Par ailleurs, depuis 2019 on observe un relatif désamour des chefs d’États occidentaux pour le Forum de Davos, et en particulier de la France. Dans le même temps, des puissances moyennes tirent profit de cette grand-messe pour s’exprimer, à l’instar de l’Inde et de l’Arabie Saoudite. C’est en quelque sorte « un rééquilibrage du monde » qui se joue dans cette enceinte, comme le faisait remarquer le président de Business France, Pascal Cagni, lors d’une interview à Davos en janvier dernier.
S’agissant de ce rééquilibrage, il convient d’évoquer le pendant asiatique du Forum de Davos, à savoir le Forum de Boao, dont la conférence annuelle se tient à Hainan aux alentours du mois de mars. Initialement créé en 2001 par 25 États asiatiques, ce forum vise à promouvoir la coopération économique entre pays d’Asie ainsi qu’avec d’autres dans le monde. En somme, sa raison d’être est la même que celle du Forum de Davos mais à l’échelle de l’Asie, qui est aujourd’hui devenue le moteur de la croissance économique mondiale – et ce même malgré un ralentissement annoncé par la Banque mondiale pour les années à venir. Certes, le Forum de Boao reste encore largement perçu comme se concentrant surtout sur les problématiques asiatiques, contrairement à Davos dont la portée géographique est davantage mondiale. Néanmoins, il participe au rééquilibrage des forces dans le nouvel ordre mondial qui émerge. Bien que moins connu en Occident, le Boao gagne peu à peu une certaine légitimité en tant que plate-forme de discussion sur les enjeux mondiaux et tend à compléter le Davos.
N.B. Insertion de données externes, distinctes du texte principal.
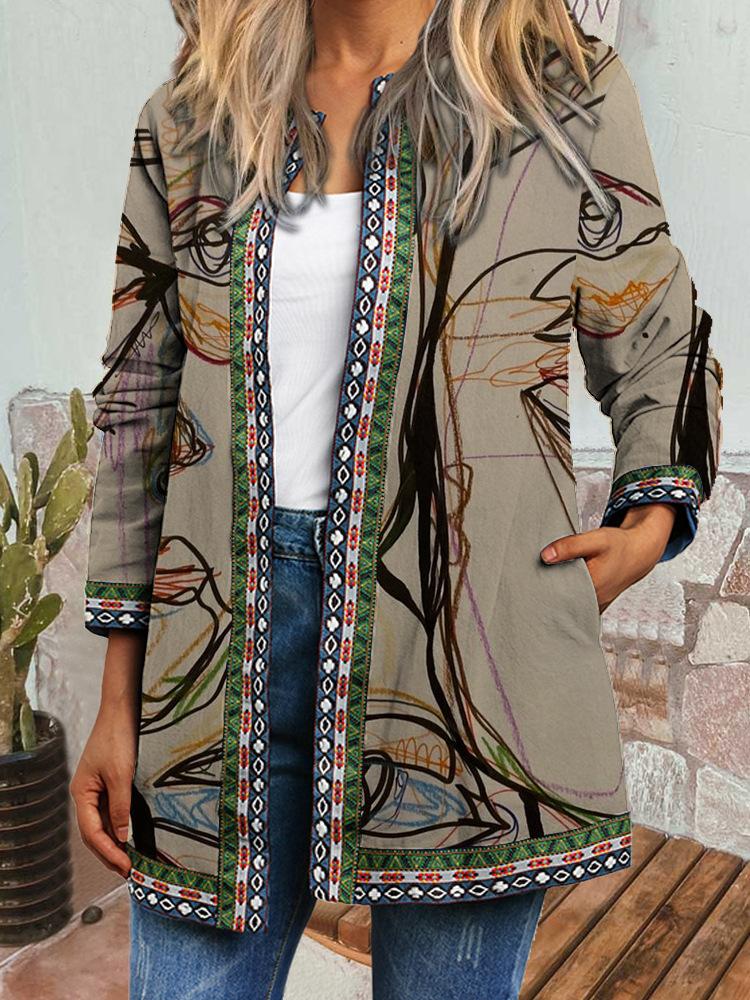 Women's Crew Neck Long Sleeve Cardigan Oversized Vintage Ethnic Print Plus Size Open Front Jacket Casual Outerwear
En conclusion, le Forum de Davos demeure un lieu d’influence incontournable, mais il n’a plus la même aura que par le passé. C’est un lieu de rencontre de gens de pouvoir dont l’issue déçoit de plus en plus souvent, car les débats n’aboutissent que rarement à des actions tangibles pour résoudre les problèmes mondiaux discutés. Ce constat met également en lumière le manque de gouvernance multilatérale sur ces sujets. En somme, Davos fait figure de « baromètre des sensibilités » des puissants quant à des enjeux majeurs mais néanmoins triés sur le volet selon l’intérêt du moment.
Les prises de position quant à son rôle sont souvent contrastées, les uns dénonçant son pouvoir tandis que ses partisans tendent plutôt à le minimiser. Il demeure toutefois une échelle de gouvernance pertinente pour penser la mondialisation dans le contexte de polycrise actuel, grâce aux échanges d’idées qu’il permet depuis plus de cinquante ans, mais il ne représente plus un espace unique dans le « Concert des Puissants » depuis l’émergence de nouvelles enceintes décisionnelles internationales (COP, G7, G20, Boao Forum, etc.).